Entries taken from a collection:

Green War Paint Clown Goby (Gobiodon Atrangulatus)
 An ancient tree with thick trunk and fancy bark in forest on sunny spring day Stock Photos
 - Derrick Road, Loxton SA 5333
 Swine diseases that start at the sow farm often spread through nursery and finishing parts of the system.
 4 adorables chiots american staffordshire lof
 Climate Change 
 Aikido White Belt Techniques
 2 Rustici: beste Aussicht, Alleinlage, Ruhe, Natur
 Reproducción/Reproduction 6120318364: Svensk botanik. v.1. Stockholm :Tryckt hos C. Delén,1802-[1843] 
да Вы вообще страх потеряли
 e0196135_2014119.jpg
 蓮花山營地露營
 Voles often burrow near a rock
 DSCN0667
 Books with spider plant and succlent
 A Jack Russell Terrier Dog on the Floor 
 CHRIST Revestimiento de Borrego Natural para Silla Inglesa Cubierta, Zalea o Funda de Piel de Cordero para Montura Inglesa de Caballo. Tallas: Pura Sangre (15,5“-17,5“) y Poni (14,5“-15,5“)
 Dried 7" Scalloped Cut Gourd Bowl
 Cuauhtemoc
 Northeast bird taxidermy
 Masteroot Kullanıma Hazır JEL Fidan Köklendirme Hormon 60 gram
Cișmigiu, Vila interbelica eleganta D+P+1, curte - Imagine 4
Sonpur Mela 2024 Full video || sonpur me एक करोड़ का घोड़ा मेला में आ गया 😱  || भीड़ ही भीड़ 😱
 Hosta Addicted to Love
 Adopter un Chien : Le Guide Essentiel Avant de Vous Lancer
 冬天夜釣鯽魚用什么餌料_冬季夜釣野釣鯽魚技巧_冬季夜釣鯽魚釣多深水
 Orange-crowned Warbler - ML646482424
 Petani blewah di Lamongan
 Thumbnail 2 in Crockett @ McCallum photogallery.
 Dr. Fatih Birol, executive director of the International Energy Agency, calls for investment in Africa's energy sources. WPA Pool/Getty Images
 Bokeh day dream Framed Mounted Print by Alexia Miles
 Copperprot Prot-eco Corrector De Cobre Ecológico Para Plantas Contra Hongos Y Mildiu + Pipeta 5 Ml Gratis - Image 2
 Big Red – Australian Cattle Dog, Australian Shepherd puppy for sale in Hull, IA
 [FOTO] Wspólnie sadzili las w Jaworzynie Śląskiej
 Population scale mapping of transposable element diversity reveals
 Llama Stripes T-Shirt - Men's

§ **PROBLEM DESCRIPTION**: The entries shown above must be restated word for word.

§ **RESULT FOR THIS EXERCISE**:
Green War Paint Clown Goby (Gobiodon Atrangulatus)
 An ancient tree with thick trunk and fancy bark in forest on sunny spring day Stock Photos
 - Derrick Road, Loxton SA 5333
 Swine diseases that start at the sow farm often spread through nursery and finishing parts of the system.
 4 adorables chiots american staffordshire lof
 Climate Change 
 Aikido White Belt Techniques
 2 Rustici: beste Aussicht, Alleinlage, Ruhe, Natur
 Reproducción/Reproduction 6120318364: Svensk botanik. v.1. Stockholm :Tryckt hos C. Delén,1802-[1843] 
да Вы вообще страх потеряли
 e0196135_2014119.jpg
 蓮花山營地露營
 Voles often burrow near a rock
 DSCN0667
 Books with spider plant and succlent
 A Jack Russell Terrier Dog on the Floor 
 CHRIST Revestimiento de Borrego Natural para Silla Inglesa Cubierta, Zalea o Funda de Piel de Cordero para Montura Inglesa de Caballo. Tallas: Pura Sangre (15,5“-17,5“) y Poni (14,5“-15,5“)
 Dried 7" Scalloped Cut Gourd Bowl
 Cuauhtemoc
 Northeast bird taxidermy
 Masteroot Kullanıma Hazır JEL Fidan Köklendirme Hormon 60 gram
Cișmigiu, Vila interbelica eleganta D+P+1, curte - Imagine 4
Sonpur Mela 2024 Full video || sonpur me एक करोड़ का घोड़ा मेला में आ गया 😱  || भीड़ ही भीड़ 😱
 Hosta Addicted to Love
 Adopter un Chien : Le Guide Essentiel Avant de Vous Lancer
 冬天夜釣鯽魚用什么餌料_冬季夜釣野釣鯽魚技巧_冬季夜釣鯽魚釣多深水
 Orange-crowned Warbler - ML646482424
 Petani blewah di Lamongan
 Thumbnail 2 in Crockett @ McCallum photogallery.
 Dr. Fatih Birol, executive director of the International Energy Agency, calls for investment in Africa's energy sources. WPA Pool/Getty Images
 Bokeh day dream Framed Mounted Print by Alexia Miles
 Copperprot Prot-eco Corrector De Cobre Ecológico Para Plantas Contra Hongos Y Mildiu + Pipeta 5 Ml Gratis - Image 2
 Big Red – Australian Cattle Dog, Australian Shepherd puppy for sale in Hull, IA
 [FOTO] Wspólnie sadzili las w Jaworzynie Śląskiej
 Population scale mapping of transposable element diversity reveals
 Llama Stripes T-Shirt - Men's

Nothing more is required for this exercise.